Этот рабочий вопрос приводил меня в сильное смятение. Как говорилось выше, Шартье, который не был социалистом, говорил о социализме умно, с симпатией. Воспитанный им, я стремился не стать соучастником несправедливости или тем более грабежа. С отчаянием представлял я себе страдания работницы, обремененной детьми и не имеющей возможности растить их в пристойных условиях.

С другой стороны, когда я видел жизнь такого человека, как отец, я убеждался, что он совершенно иной, нежели буржуа, описанные Золя в «Жерминале». «Если бы идеально организованное общество, — размышлял я, — искало для руководства заводом человека компетентного, справедливого, работящего, скромного, простого, умеренного во вкусах, оно не нашло бы более совершенного, чем отец». Кроме того, я ясно видел — от меня не было секретов, — что личный доход, как мне и говорил отец, составляет крошечную часть прибыли. Что следовало в таком случае думать? И в чем состоял наш долг?

Мой бывший преподаватель математики Мушель, социалист, стал мэром Эльбёфа. Я частенько встречал его на улице: усы влажные, сюртук измазан мелом. Он меня останавливал, дабы изложить свои планы.

«Несколько крупных предприятий, — говорил Мушель, — газовая и водопроводная компании эксплуатируют этот злосчастный город. Я решил обходиться без них, не возобновлять контракты и построить свой газовый завод. Понимаете? Кроме того, я строю другой завод, где будут сжигаться все промышленные отходы. Таким образом, я получу бесплатную энергию. Понимаете, а? Через десять лет с доходами от муниципальных производств это будет самый передовой в социальном отношении город во Франции».

Я поделился с ним своими сомнениями и опасениями — что до него, то он, естественно, был против всех форм капитализма.

«Главная несправедливость, — сказал он, — состоит в том, что концентрация рабочих обеспечивает сверхприбыль, и эта сверхприбыль под названием доходов конфискуется капиталистами. Понимаете?»

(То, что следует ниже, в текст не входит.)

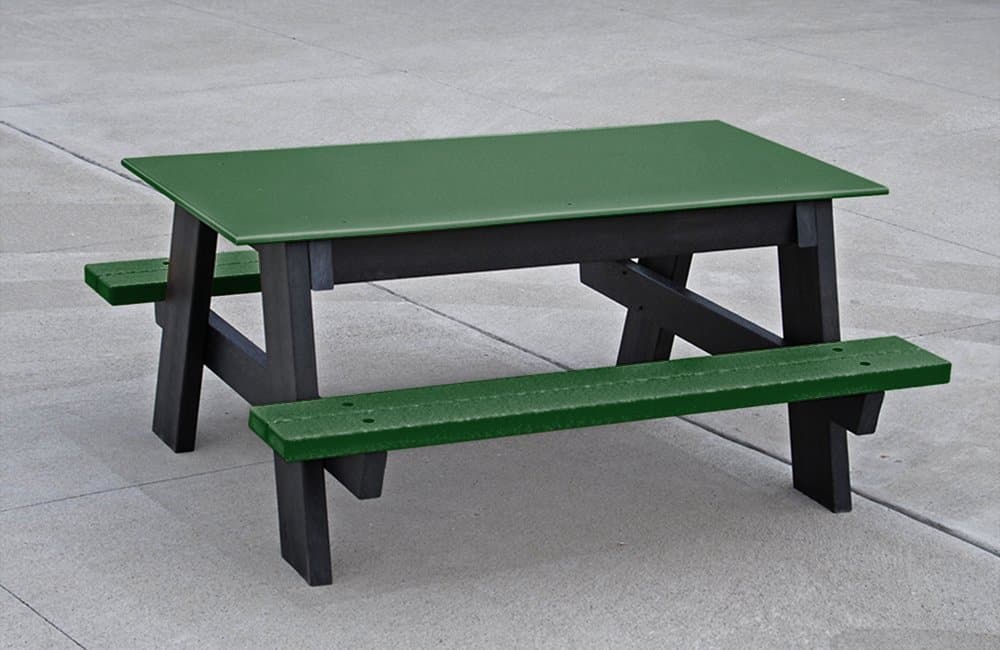 Green and black picnic table on a concrete surface.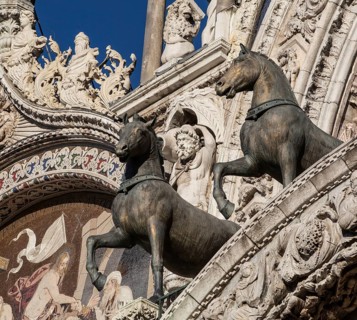 Italy Venice St Mark's Basilica -506 on the gallery of the west façade two of the bronze horses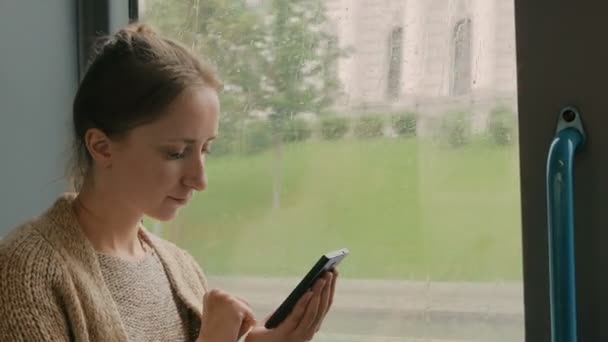 Γυναίκα ταξίδι με το λεωφορείο και χρησιμοποιώντας το smartphone - Πλάνα, βίντεο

Нет, я не понимал. Я считал, что Мушель не прав, утверждая, что сверхприбыль приносили только рабочие. В таком промышленном районе, как Нормандия, две фабрики, почти однотипные, с одним и тем же количеством рабочих, приносили прибыль или убыток в зависимости от того, хорошо или плохо ею управляли. Сама продукция увеличивалась или уменьшалась в зависимости от способов, используемых администрацией. Но одна из форм социализма продолжала меня увлекать. Я допускал, что мой отец был праведником. Мне казалось возможным пойти дальше, нежели он, и стать святым, отдав фабрику рабочим и продолжая ею управлять. Это представлялось мне делом чести. Иногда по вечерам я. намечал себе такой жизненный путь. Но при свете зари понимал, сколь трудно было бы изложить свои планы на заседании Большого совета под проницательными взорами портретов покойных дядюшек.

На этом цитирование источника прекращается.